─── Provided data ───

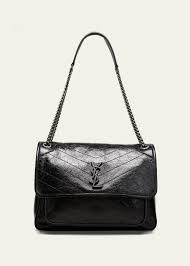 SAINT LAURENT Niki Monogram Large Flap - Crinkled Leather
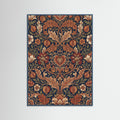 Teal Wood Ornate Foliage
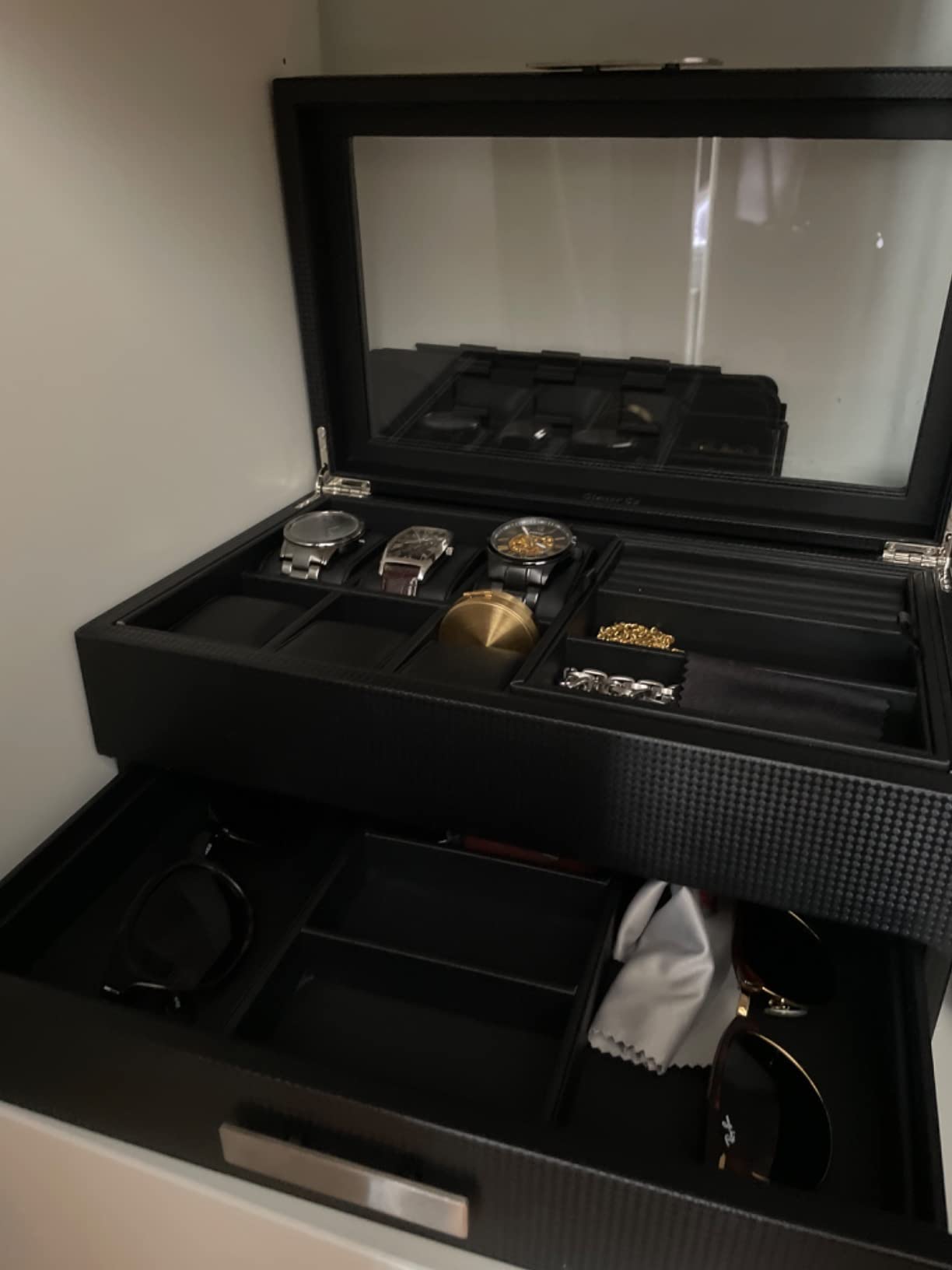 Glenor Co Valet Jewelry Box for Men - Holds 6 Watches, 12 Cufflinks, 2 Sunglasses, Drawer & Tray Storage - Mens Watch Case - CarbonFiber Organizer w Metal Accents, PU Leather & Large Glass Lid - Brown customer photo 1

───

● Brief
Output the material above exactly as written and drop any images it holds.

● Solution
 SAINT LAURENT Niki Monogram Large Flap - Crinkled Leather
 Teal Wood Ornate Foliage
 Glenor Co Valet Jewelry Box for Men - Holds 6 Watches, 12 Cufflinks, 2 Sunglasses, Drawer & Tray Storage - Mens Watch Case - CarbonFiber Organizer w Metal Accents, PU Leather & Large Glass Lid - Brown customer photo 1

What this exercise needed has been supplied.